Some great news, then, in that a lot of the “why is there a ship trading simulator in my action RPG again?” systems were dropped for the sequel, your best friend doesn’t dwell TOO much on running off to sacrifice herself to the Moon Queen, and combat is greatly improved.  The first game had you running around with up to four little demon familiar pals at any given time, and some of the fights had me feeling like my best option was to stay out of the way and let my pets do a lot of the work. Not so in the sequel – while you do still have a couple of pets, they don’t feel quite so center-stage.  The most important criteria in pet selection is that there are a few kinds of gates that close off optional areas with treasure chests, and each of these kinds of gates can only be opened by a certain pet.

In fact, combat in general has a feel to it that is greatly improved.  It’s always difficult to define “weight”, but NoA2 felt “weightier”.

It’s still a button-masher, though, make no mistake.  Some of your demon pals can transform into different weapons for you to use, at least, each with its own moveset, so there’s more variety in your mashing.  I didn’t play around with the alternate weapons too much, however, since I always wanted to have a couple of door-opening pets handy.

Oh, right, you also have a human/demihuman partner, or rather your choice of several different partners, and you get to do all sorts of pair attacks based on your buddy.
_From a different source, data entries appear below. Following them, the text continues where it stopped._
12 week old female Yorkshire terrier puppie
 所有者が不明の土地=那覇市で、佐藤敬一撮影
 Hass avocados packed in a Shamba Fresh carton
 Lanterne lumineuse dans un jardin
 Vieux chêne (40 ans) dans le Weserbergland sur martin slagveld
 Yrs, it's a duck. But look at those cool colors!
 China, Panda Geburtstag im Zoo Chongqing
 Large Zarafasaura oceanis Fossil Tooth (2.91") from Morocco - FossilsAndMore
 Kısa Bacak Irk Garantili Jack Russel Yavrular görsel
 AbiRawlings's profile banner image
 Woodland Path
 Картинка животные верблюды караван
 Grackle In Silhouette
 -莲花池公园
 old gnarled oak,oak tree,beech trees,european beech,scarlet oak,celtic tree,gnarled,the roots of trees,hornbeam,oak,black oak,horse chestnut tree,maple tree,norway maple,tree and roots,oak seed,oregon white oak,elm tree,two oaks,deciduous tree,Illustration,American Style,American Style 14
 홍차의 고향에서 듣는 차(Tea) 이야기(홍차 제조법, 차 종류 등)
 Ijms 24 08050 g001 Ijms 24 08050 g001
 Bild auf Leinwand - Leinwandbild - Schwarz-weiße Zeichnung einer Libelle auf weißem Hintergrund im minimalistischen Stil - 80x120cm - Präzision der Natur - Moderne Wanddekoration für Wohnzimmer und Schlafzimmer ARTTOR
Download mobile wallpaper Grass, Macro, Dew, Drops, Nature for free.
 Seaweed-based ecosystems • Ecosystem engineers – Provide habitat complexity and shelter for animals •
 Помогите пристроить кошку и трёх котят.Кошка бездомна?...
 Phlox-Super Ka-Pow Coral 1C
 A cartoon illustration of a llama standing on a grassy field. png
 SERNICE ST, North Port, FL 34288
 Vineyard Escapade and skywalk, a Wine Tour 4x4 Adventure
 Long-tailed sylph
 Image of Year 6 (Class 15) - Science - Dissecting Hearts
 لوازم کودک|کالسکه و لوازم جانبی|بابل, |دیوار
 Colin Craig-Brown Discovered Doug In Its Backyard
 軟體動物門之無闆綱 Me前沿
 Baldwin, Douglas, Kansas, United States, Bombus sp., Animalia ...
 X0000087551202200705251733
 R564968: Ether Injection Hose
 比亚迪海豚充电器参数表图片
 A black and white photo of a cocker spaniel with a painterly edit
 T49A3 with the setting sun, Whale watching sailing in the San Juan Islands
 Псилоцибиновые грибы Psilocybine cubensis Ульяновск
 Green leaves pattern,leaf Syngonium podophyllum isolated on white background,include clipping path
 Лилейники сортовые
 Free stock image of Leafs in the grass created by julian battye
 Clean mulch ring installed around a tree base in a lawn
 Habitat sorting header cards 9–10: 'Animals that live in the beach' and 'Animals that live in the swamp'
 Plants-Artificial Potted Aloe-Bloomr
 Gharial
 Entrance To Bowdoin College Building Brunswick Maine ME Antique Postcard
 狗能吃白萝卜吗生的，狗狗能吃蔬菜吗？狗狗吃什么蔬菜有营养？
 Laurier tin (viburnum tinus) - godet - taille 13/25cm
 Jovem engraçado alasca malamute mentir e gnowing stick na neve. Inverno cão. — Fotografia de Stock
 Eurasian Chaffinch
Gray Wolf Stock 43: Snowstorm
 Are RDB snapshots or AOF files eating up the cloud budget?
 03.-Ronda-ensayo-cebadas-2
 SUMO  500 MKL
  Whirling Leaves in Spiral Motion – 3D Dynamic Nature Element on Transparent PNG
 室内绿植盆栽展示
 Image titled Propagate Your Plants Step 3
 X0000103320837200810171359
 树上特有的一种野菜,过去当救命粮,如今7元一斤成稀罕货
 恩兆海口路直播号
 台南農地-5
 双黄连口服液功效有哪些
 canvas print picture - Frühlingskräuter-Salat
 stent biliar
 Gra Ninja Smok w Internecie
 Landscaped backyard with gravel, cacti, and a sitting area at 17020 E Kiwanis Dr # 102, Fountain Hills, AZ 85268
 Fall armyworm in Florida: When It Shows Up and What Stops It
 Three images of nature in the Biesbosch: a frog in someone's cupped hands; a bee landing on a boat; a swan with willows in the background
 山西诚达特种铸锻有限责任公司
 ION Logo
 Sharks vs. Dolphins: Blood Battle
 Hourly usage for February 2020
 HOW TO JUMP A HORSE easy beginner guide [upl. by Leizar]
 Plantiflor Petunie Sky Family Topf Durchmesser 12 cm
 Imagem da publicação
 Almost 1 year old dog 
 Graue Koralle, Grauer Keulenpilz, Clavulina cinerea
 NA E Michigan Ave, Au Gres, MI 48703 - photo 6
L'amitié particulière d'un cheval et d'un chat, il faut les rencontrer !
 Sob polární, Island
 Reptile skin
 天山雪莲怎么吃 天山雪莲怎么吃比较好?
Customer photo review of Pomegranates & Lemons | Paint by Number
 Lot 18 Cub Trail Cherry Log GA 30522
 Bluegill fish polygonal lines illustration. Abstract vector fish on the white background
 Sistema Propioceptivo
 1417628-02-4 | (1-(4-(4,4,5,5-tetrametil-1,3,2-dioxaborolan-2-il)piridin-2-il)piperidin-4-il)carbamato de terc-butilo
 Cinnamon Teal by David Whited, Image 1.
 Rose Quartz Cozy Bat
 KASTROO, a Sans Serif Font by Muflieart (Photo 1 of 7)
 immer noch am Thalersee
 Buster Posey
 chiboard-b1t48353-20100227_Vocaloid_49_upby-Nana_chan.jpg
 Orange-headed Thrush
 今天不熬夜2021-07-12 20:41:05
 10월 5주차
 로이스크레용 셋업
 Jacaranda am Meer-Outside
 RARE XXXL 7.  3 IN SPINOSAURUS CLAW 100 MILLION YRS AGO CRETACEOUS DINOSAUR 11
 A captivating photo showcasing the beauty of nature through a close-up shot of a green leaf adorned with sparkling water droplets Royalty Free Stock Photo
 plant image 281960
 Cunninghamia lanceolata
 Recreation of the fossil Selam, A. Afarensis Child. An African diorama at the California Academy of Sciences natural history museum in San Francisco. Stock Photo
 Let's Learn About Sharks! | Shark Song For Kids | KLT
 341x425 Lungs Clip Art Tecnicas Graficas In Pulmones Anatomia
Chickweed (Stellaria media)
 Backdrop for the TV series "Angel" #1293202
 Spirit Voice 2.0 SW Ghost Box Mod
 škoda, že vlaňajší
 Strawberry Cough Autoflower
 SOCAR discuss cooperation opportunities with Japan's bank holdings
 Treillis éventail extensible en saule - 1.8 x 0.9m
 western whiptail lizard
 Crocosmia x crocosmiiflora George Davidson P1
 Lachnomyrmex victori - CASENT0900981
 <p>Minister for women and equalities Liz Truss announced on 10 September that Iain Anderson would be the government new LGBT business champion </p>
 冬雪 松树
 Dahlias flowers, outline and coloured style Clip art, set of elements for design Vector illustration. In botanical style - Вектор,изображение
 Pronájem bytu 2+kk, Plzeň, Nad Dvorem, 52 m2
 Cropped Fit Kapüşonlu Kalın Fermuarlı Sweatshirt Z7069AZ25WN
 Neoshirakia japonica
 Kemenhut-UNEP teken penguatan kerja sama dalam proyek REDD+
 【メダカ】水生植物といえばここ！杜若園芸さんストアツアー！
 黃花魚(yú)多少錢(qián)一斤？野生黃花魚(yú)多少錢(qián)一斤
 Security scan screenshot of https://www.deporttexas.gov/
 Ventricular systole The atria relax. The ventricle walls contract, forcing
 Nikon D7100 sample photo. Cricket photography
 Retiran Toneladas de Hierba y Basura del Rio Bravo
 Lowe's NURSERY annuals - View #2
As you spend more time with a given partner, you’ll unlock story events with them, and all of the characters turn out to have some pretty interesting backstory.  To be honest, the whole “saving the world from eternal night” kind of faded into the background and I found myself a lot more invested in learning more about the different characters.

Soooo, that leaves the bad parts of the game to talk about, and unfortunately there are quite a few.

If you played the first Nights of Azure and grew to know your way around its fairly large and interconnected maps, the biggest shock is likely going to be the drastic reduction in environmental variety.  The sequel has a total of seven areas (and a DLC area), and quests will have you revisiting each area over and over again until you are foaming at the mouth the next time you get sent to clear out the monsters in the Spirit Forest AGAIN.  The maps are also made up of very small segments, and it just feels like it was designed around devices with intense memory constraints.

That same feeling of being designed for last-generation devices extends to the monster variety, or lack thereof.  With the exception of a few bosses, you’ll see the same handful of creature designs in every zone – there’s no sense of place to them.

Finally, I really should not have bought the Switch version, because it’s a mess.  I talked myself into it because it had a downloadable Fatal Frame outfit and I thought that it’d be, you know, maybe a little bit of a downgrade but what the heck, right?

If you’re playing on the built-in Switch display, it’s… passable.  I actually wound up using the Switch in desktop mode for about two-thirds of my play sessions, and it’s much easier to overlook the criminally-low-resolution textures when you’re looking at a screen that size.  Blow it up to the 43″ set I use for most of my gaming, though, and it looks like something from the lower end of the PS3 library – and that may be stretching things.

Looking at the download size of the Switch version – 6.8 GB – compared to the 20GB PS4 version says a great deal about what happened here.  I suspect they squeezed the heck out of everything so they’d be able to ship it on an 8GB cartridge, and it absolutely shows.  I mean, you’ve got a mostly-fully-voiced game with a fair bit of dialog, some FMV cutscenes, and of course a typically-great Gust soundtrack… something had to go somewhere.

So, I guess what I’m leading up to is that my IDEAL Nights of Azure 3, should they eventually make one, would be the game systems of the second game combined with the world and visuals of the first game.